3.2 Get intersection of two sets

 

The intersection of set A and set B is made up of members that exist in both set A and set B. For instance, the intersection of [1,2,3] and [1,3,5] is [1,3].

Here is an example. A business has two sales channels – online and offline stores.

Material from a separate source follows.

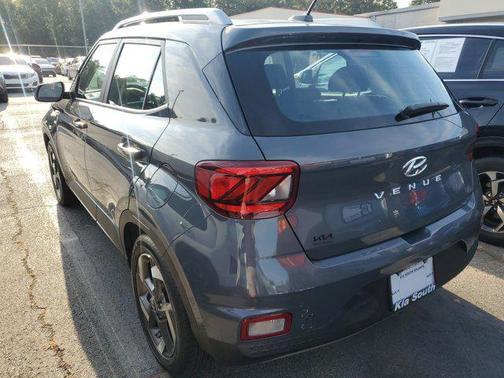 2024 Hyundai VENUE SEL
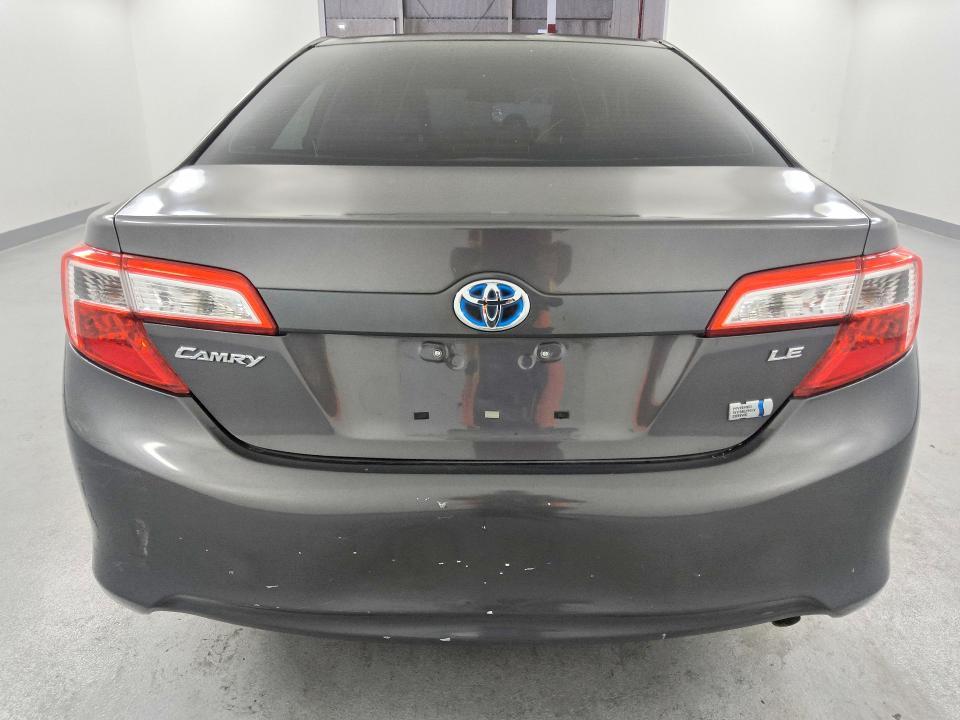 2014 Toyota Camry Hybrid le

Their sales data is stored in SALES_ONLINE table and SALES_STORE table respectively. The task is to find out customers who purchase in both online and offline stores in the year 2014. Below is part of data in the two tables:

SALES_ONLINE:

ID CUSTOMERID ORDERDATE PRODUCTID AMOUNT
1 HANAR 2014/01/01 17 3868.6
2 ERNSH 2014/01/03 42 1005.9
3 LINOD 2014/01/06 64 400.0
4 OTTIK 2014/01/07 10 1194.0
5 OCEAN 2014/01/09 41 319.2

SALES_STORE:

ID CUSTOMERID ORDERDATE SELLERID PRODUCTID AMOUNT
1 EASTC 2014/01/01 1 27 3063.0
2 ERNSH 2014/01/02 8 70 2713.5
3 MAGAA 2014/01/03 2 74 1675.0
4 SAVEA 2014/01/07 7 45 2018.2
5 FOLIG 2014/01/08 8 30 1622.4

SPL can use character “^” to calculate intersection of sets. A^B, for instance, calculates intersection of set A and set B.

SPL script:

A
1 =T(“SalesOnline.xlsx”).select(year(ORDERDATE)==2014)
2 =T(“SalesStore.xlsx”).select(year(ORDERDATE)==2014)
3 =A1.id(CUSTOMERID)^A2.id(CUSTOMERID)

A1: Import SALES_ONLINE table from the original file and select sales records of the year 2014.
A2: Import SALES_STORE table from the original file and select sales records of the year 2014.
A3: Use A.id() function to get the set of distinct customer IDs from A1 and A2 respectively, and use operator “^” to calculate their intersection, which contains customers who purchase both online and offline.